When Science Center partner, Wendy Pavlicek and I sat down to review a survey completed by our Science Curriculum Council members, one glaring bit of information gleaned was that engineering practices were limited or not being adequately met at all in our K-5 classrooms.
While time was considered the biggest detriment to our lack of engineering activity, Wendy and I thought it wise to jump start teachers’ confidence in teaching engineering-based lessons knowing the potential for such lessons to play a larger role in K-12 science curriculum with the state’s possible endorsement of NGSS.
To do this we selected an activity from the workshop of “Design Squad,” a PBS show pitting upper elementary / middle school age children against engineering challenges. The challenge “Harmless Holder” asks participants to “invent a holder for six cans that’s animal-safe, sturdy, convenient, and easy to carry.” Before beginning we presented a diagram of the design process and informed teachers that we would be working through each step during the session to give teachers a student-oriented experience of what an engineering lesson might be like.
|A “Harmless Holder” ready for its first trip to the beach!|
The value of learning how to teach engineering practices by performing an engineering challenge was immediately visible. As Wendy and I observed our teachers in action we were able to take notes on group dynamics, the challenges that classroom spaces can present, and even some common pitfalls students often make (such as jumping into the building process without dedicating time and energy to brainstorming and planning!)

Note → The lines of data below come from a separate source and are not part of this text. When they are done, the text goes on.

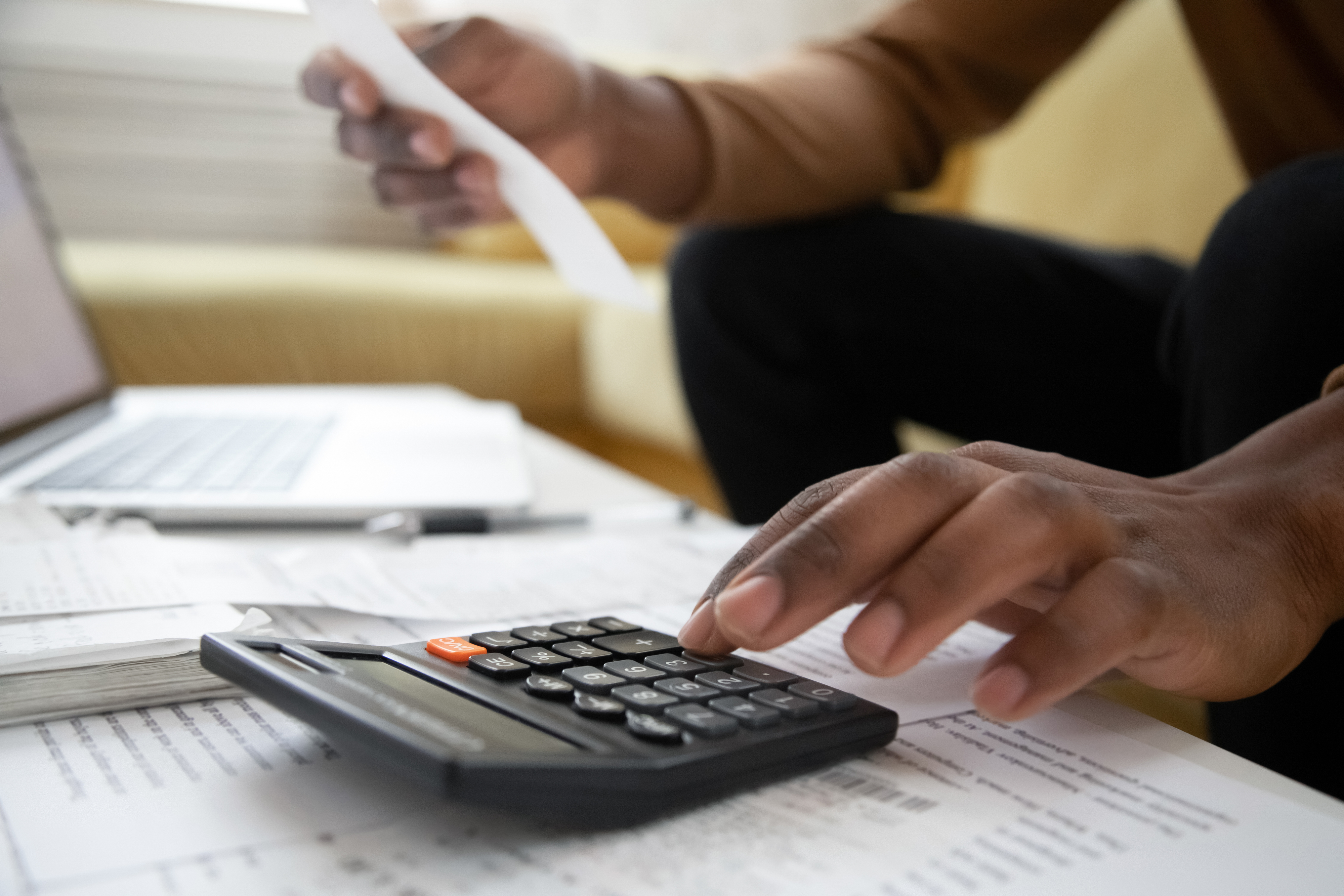 A person calculating finances with a calculator and holding a receipt, surrounded by papers and a laptop on a table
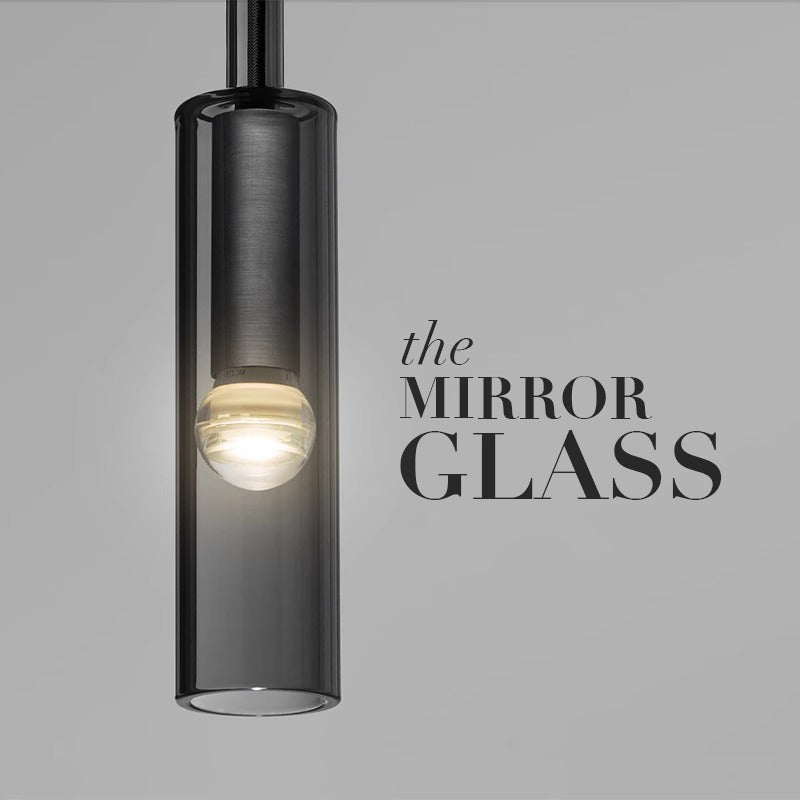 A sleek mirror glass pendant light hanging elegantly, reflecting ambient light and enhancing the room's modern decor.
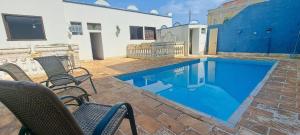 a swimming pool with chairs next to a house at Pousada Economic Pitangui in Pitangui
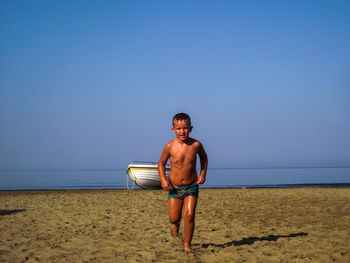 Full length of shirtless man standing at beach against clear sky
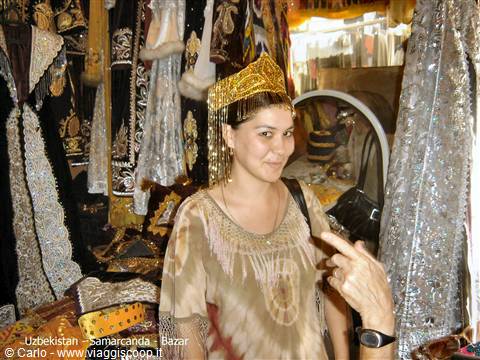 Woman wearing golden headdress at Samarkand bazaar among embroidered robes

|“Redesigned” cross-stitched corners after realizing duct tape wasn’t all that harmless!|
At the tail end of the meeting teacher groups were able to “share” their results by modeling the use of their Harmless Holder “catwalk” style… an opportunity that some of our teacher’s were seemingly born for! A discussion around the observations me, Wendy, and council members made during the session led to teachers providing thoughtful ideas on how to best present engineering challenges to students in their own classrooms and to better support their skills through all stages of the design process.
|Ready for the catwalk!|
No immediate changes in our curriculum are expected to be made in the coming year, leading me to believe integrating engineering skills into our science curriculum will still be in short supply. By giving teachers opportunities to try engineering activities for themselves now, however, Burlington’s science educators should be more prepared for the engineering challenges that lay ahead for us in the not so distant future. In addition, a number of council members left the professional development excited and positive, complimenting the value of “this kind of PD” and happy to see their extended-day time used so well!